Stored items
_ _ _ _
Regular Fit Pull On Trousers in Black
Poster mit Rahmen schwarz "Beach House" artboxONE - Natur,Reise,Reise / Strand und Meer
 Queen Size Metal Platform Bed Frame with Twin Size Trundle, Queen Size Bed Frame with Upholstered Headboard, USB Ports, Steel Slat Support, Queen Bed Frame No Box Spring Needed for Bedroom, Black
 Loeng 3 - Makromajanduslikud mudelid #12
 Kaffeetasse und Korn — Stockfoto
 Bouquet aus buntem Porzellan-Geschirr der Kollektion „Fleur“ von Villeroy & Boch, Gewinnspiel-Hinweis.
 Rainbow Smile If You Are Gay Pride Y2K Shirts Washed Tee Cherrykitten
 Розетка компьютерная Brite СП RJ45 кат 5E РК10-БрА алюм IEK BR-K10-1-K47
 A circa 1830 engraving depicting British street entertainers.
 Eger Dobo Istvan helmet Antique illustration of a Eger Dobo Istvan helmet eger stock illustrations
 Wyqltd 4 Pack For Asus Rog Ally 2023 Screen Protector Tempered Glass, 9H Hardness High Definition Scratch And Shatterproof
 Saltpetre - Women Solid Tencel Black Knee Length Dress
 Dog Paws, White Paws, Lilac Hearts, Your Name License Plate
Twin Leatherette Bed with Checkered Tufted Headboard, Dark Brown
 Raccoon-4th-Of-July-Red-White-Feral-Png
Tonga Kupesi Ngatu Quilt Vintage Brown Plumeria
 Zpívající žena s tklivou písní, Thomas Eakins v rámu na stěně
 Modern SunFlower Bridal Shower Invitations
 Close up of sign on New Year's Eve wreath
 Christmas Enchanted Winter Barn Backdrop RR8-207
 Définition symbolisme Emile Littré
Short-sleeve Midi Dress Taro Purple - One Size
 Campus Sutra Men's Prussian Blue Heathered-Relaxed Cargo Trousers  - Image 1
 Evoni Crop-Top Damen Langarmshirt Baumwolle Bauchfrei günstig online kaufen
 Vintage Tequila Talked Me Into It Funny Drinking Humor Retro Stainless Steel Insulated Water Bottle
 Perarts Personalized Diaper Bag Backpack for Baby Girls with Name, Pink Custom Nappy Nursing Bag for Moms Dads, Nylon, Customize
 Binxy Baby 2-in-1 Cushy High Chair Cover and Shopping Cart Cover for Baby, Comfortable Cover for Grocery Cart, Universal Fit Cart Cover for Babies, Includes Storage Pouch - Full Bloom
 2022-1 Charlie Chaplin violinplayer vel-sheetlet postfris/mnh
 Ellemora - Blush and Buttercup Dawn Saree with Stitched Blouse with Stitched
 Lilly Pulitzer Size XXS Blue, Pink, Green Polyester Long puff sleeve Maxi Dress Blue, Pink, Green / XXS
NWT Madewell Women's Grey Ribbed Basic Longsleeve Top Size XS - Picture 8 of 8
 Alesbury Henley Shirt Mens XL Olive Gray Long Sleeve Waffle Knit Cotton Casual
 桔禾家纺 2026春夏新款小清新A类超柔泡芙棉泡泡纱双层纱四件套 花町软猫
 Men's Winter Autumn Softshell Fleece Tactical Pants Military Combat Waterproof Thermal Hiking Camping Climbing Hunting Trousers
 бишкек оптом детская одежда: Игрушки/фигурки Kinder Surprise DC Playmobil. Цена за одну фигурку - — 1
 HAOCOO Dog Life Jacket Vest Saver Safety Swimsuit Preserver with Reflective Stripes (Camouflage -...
_ _ _ _
→ **YOUR ASSIGNMENT**: Above are the entries. Quote exactly the lines from the one bearing "Wyqltd 4 Pack" through the one bearing "Dog Paws, White".

→ **EXPECTED ANSWER**:
 Wyqltd 4 Pack For Asus Rog Ally 2023 Screen Protector Tempered Glass, 9H Hardness High Definition Scratch And Shatterproof
 Saltpetre - Women Solid Tencel Black Knee Length Dress
 Dog Paws, White Paws, Lilac Hearts, Your Name License Plate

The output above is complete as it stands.